As Canada was about to celebrate its first centenary, a series of legislative proposals were under consideration by the federal government. In 1967, under Prime Minister Lester B. Pearson, the first drafts to legalize divorce and remove birth control from the Criminal Code were being developed.

The Omnibus Bill that was eventually approved by Parliament also dealt with issues such as abortion and homosexuality. At the time, Justice Minister Pierre Trudeau explained that the changes were aimed at adapting “the laws of the country to contemporary society”.

Research Co. and Glacier Media ask Canadians for their moral views on 21 different issues each year. More than five decades have passed since the laws of the land changed, and most Canadians are not personally discouraged by many practices that are no longer illegal.

More than two-thirds of Canadians consider four activities to be “morally acceptable”:

• Contraception (75%, down one point since our last request in 2021);

• Divorce (73%, down four points);

• Sex between an unmarried man and woman (69%, down three points) and;

• Having a child out of wedlock (69%, unchanged).

Two other issues are a bit more controversial in the minds of Canadians. While 59% of the country’s people believe that same-sex sexual relations are “morally acceptable” (down three points), more than a quarter (27%, up three points) see it as “morally reprehensible”.

The proportion of Canadians who express moral apprehensions about homosexuality rises to 36% among respondents of South Asian origin, 39% among those of East Asian origin and 41% among voters in Conservative Party of Canada in 2021.

In a recent national poll, we learned that Canadians maintain a high level of support for both the continuation of same-sex marriage (66%) and the decision to ban the practice of “conversion therapy” at the federal level. (62%). ). Yet, looking strictly at personal morality, the acceptability of same-sex relationships is lower relative to what Canadians think of divorce and birth control.

More than half of Canadians (53%) recently told us they weren’t particularly excited about a new debate on abortion. Asked about their moral view of termination of pregnancy, 55% of Canadians (down two points since 2020) think it is “morally acceptable”, while 29% (up four points) consider the practice as “morally reprehensible”.

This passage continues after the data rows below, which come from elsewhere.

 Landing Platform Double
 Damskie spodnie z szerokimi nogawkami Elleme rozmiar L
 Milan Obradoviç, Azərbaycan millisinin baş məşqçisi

Again, the biggest differences are related to politics and ethnicity.

Abortion is “morally acceptable” for the majority of Canadians who voted for the New Democratic Party (NDP) (71%) and the Liberal Party of Canada (60%) last year, but only 47% of Conservatives share this point of view. to see. While 65 percent of Canadians of European descent have no moral qualms about pregnancy termination, the proportion drops sharply among East Asians (50 percent) and South Asians (39 percent). ).

Other topics related to the “bedrooms of the nation” are decidedly more controversial.

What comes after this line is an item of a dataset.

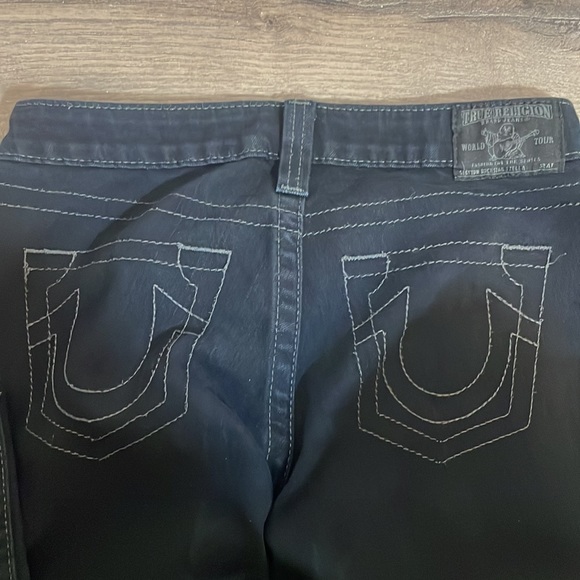True Religion World Tour made in USA low rise skinny jeans - Picture 5 of 6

Less than a third of Canadians believe that pornography (31%, unchanged) and prostitution (30%, down three points) are “morally acceptable”. They are less likely to feel the same way about polygamy (19%, unchanged), married men and/or women having an affair (16%, down two points) and pedophilia (4%, down one point).

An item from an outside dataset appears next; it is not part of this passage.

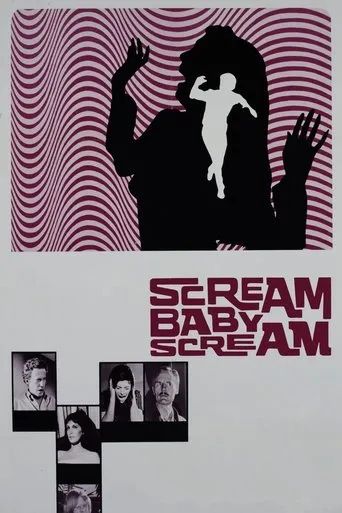 Scream Baby Scream movie poster - Rated 3.3/10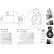 Startmotor / Startmotor, miniatyr 5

With regard to prostitution and pornography, the gender gap has remained constant. Nearly two in five men find every problem acceptable (38% and 37%, respectively). The figures are significantly lower for women (23% and 24%, respectively).

There was no change when Canadians rated the acceptability of using stem cells obtained from human embryos (55%), suicide (18%) and human cloning (12%).

When it comes to animal-related issues, few Canadians morally accept practices such as buying and wearing animal fur clothing (36%, down two points), using animals for testing (25%, up one point) and animal cloning (19%, unchanged).

The needle has moved on the moral relevance of the game (52%, down five points). The death penalty, which has remained a controversial topic over the years, is seen as “morally acceptable” by 40% of Canadians (up one point) – including 57% of Conservative voters.

Two other issues deserve special mention. The federal government will need to find a way to discuss the scope of legislation that allows medical assistance in dying and address the opioid crisis in a way that goes beyond the photo shoot.

Today, more than three in five Canadians (61%, down four points) believe physician-assisted dying is “morally acceptable,” but only 18% (down two points) believe the same about illegal drug use.

Canadians continue to look down on people who choose to use illegal substances. This partly explains why proposals to decriminalize all drugs for personal use have not been supported by the majority of people in the country.

Mario Canseco is president of Research Co.

The findings are based on an online survey conducted May 7-9, 2022 of 1,000 adults in Canada. The data was statistically weighted according to Canadian census counts for age, sex and region. The margin of error, which measures sample variability, is plus or minus 3.1 percentage points, 19 times out of 20.